All was now clear except for the apocalyptic nature of Roger’s need to talk to me.
“He made me promise to give you the message that he urgently needs to talk to you about some earth-shattering issue concerning Alexander genealogy, but he didn’t tell me what that is.”
“OK,” said I, “thanks Sabrina. I’m sorry you were inconvenienced by this nut.”
“No problem,” she said. “This will probably be the most interesting thing that happens to me all day.”
After she left, I promptly deposited the slip of paper with Roger’s name and number in the trash, having concluded that he was a total nutcase. Who on earth tries to contact you by calling your next-door neighbor?
A week or two passed. At some point the mail arrived, including a short handwritten letter on lined paper saying this:
“Please call or email me. I urgently need to talk to you about an important matter concerning Alexander genealogy. You can reach me at ______ (phone number) or _____ (email address).
At this point, of course, my curiosity finally kicked in and I was hooked. Wouldn’t you be? Moreover, I didn’t have to call Roger — I could just email him and find out what the deal was. If he was truly wacko, I could simply block his emails.
Turned out that Roger and John are sixth-ish cousins of mine. We are all descended from James and Ann Alexander of Anson/Rowan, North Carolina. Furthermore, Roger turned out to be smart, witty, and fun — as well as being constitutionally incapable of accepting defeat.
All they needed to know from me was that the abstract of the gift deeds they consulted had omitted the deed from James and Ann to their son John. The copies of the gift deeds I had obtained from the county clerk identified James and Ann’s children as James, John, David, Eleanor, and Robert.
The unintended moral of this piece: don’t trust an abstract, check the original. That’s easy to do now, thanks to FamilySearch.org.
It is a good thing I emailed Roger, or he might have driven from his home to Texas and knocked on our front door.
If you have a better story about the lengths someone will go to in order to further their family history research, I really want to hear it.
See you on down the road.
 The library where my father researched in Shreveport, LA in the late 1960s had a microfilm collection limited to census film, so far as I knew.
 Another alternative was to go to a local LDS “family history center,” an option we didn’t use.
 If John Alexander tells me that James Alexander’s parents are X and Y, I will believe him without any evidence whatsoever.
 If you read this blog, you have run across a member of the Seven Plus Two before: Adam Rankin’s wife Mary Steele Alexander was the widow of “James the Carpenter” Alexander, one of the Seven Plus Two. If you do this hobby long enough, you will run over your own tail.

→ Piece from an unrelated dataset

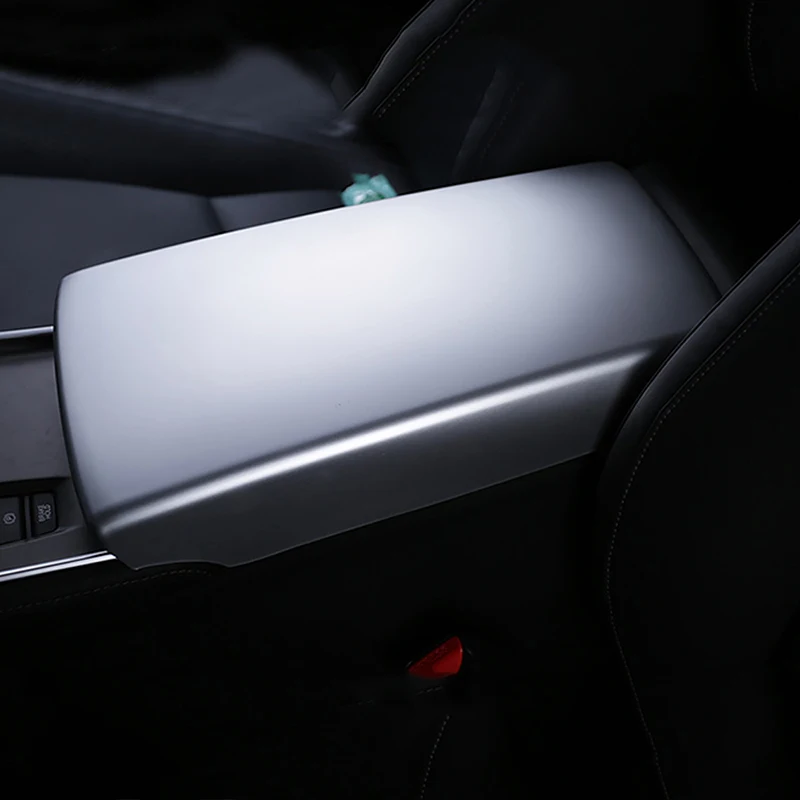 Авто-Стайлинг центральный отделка подлокотника Чехлы интерьерные аксессуары для Honda Accord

 This is poetic license, of course. There are several places on the planet, particularly in Scotland, where Alexanders are thick as thieves.
 Anson Co., NC Deed Book B: 314 et seq., five deeds dated 12 Jan 1753 from James Alexander Sr. to his children James Jr., John, David, “Elener,” and Robert, gifts of land and/or livestock. Two other deeds prove another child, a son William, almost certainly the eldest son. Rowan Co., NC Deed Book 3: 495, 498, deeds from William Alexander identifying David and Robert as his brothers and Ann Alexander as his mother. Numerous court records establish that James Sr.’s widow was named Ann. See, e.g., Rowan Co., NC Court Order Book 1: 53, record dated 9 Oct 1754, Ann Alexander, “wife and relict of James, dec’d,” took the oath of office as administrator of his estate.